The transcriptome analysis mapped 6.084 genes, of which 202 were considered upregulated in RecR, including known and new genes representing many detoxification enzyme families, such as cytochrome-P450 oxidative enzymes, glutathione-S-transferases and glucosyl transferases. Other upregulated genes were mainly involved in the cuticle, carbohydrates and lipid biosynthesis. For the downregulated profiles, we found 106 downregulated genes in the RecR colony, with molecules involved in protein synthesis, immunity and apoptosis process. Furthermore, we observed an enrichment of KEGG metabolic pathways related to resistance mechanisms. The results found in RT-qPCR confirm the findings of the transcriptome data.

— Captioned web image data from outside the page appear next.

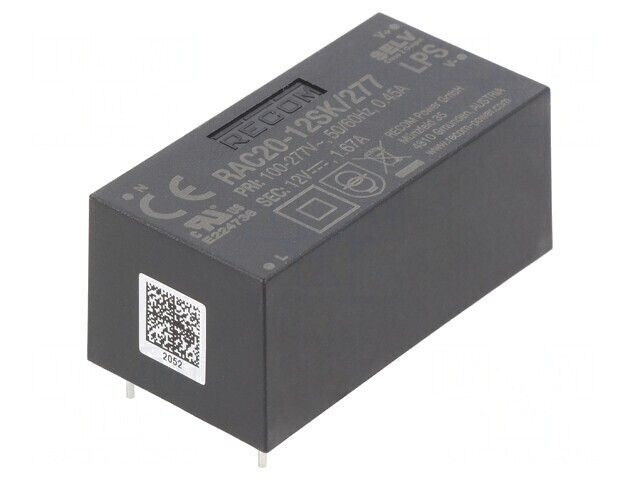 Convertor AC/DC 20W 12VDC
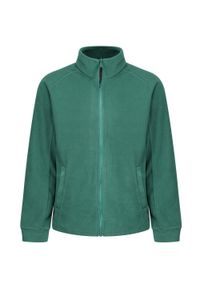 Regatta - Męski Polar Z Suwakiem Thor III. Kolor: zielony. Materiał: polar. Sezon: zima. Styl: sportowy. Sport: turystyka piesza #1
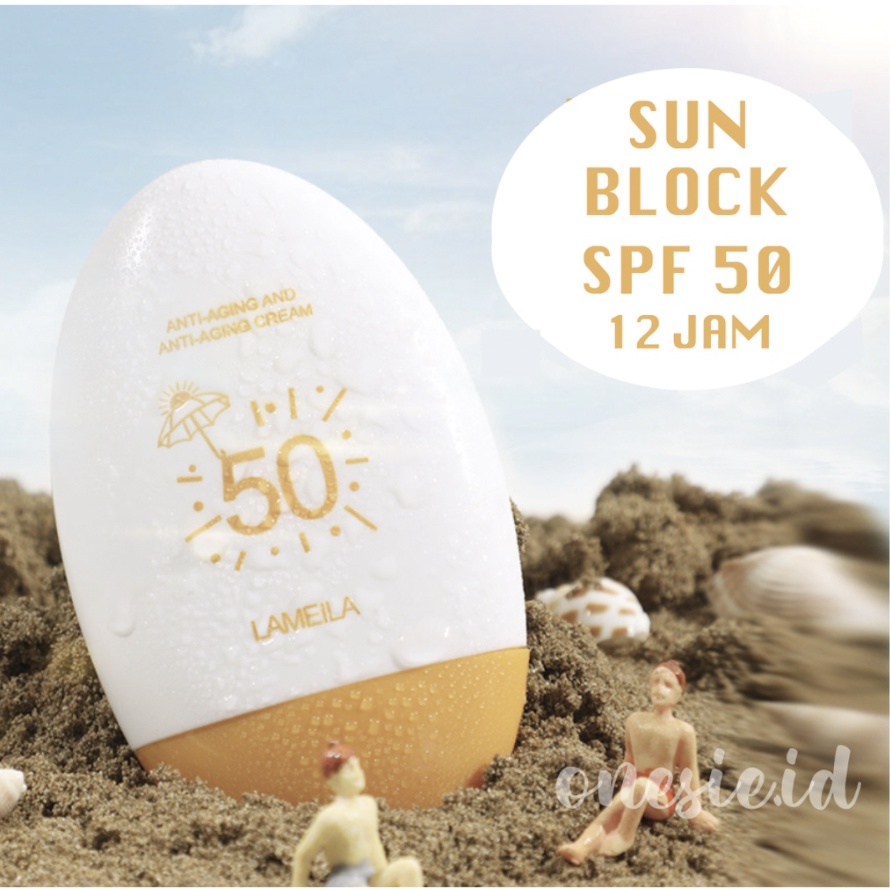 LAMEILA Sun Block SPF 50 Sun Screen Wajah Tahan PA+++ 12 Jam LA065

In this study, we investigated transcriptome-level changes maintained in a temephos-resistant Ae. aegypti colony under continuous and prolonged selection pressure. Our results indicate that metabolic resistance might involve a larger and more significant number of detoxification enzymes, with different functional roles, than previously shown with other mechanisms, also contributing to the resistance phenotype in the Ae. aegypti RecR colony.
对有机磷化合物产生抗性是控制蚊媒过程中一个严重的问题。了解抗性的遗传和分子基础不仅对于制定旨在检测和监测田间抗性的策略很重要,而且对于实施有效的控制措施以及支持新型杀虫剂的研发也很重要。尽管有大量关于杀虫剂抗性的文献,但代谢抗性的分子基础仍知之甚少。
为了更好地理解埃及伊蚊对杀螟硫磷的抗性机制,我们对来自长期持续接触该杀虫剂的杀螟硫磷抗性实验室品系(RecR)以及作为对照的杀螟硫磷敏感品系(RecL)的埃及伊蚊幼虫中肠组织的RNA进行了高通量测序。然后进行生物信息学分析以评估差异表达基因的生物学功能,并通过定量逆转录-聚合酶链反应(RT-qPCR)验证测序数据。
转录组分析共定位到6084个基因,其中202个基因在RecR中被认为上调,包括代表许多解毒酶家族的已知和新基因,如细胞色素P450氧化酶、谷胱甘肽-S-转移酶和葡糖基转移酶。其他上调基因主要参与表皮、碳水化合物和脂质生物合成。对于下调的基因谱,我们在RecR品系中发现了106个下调基因,这些分子参与蛋白质合成、免疫和凋亡过程。此外,我们观察到与抗性机制相关的KEGG代谢途径富集。RT-qPCR的结果证实了转录组数据的发现。
在本研究中,我们调查了在持续和长期选择压力下杀螟硫磷抗性埃及伊蚊品系中维持的转录组水平变化。我们的结果表明,与其他机制相比,代谢抗性可能涉及更多具有不同功能作用的解毒酶,这也导致了埃及伊蚊RecR品系的抗性表型。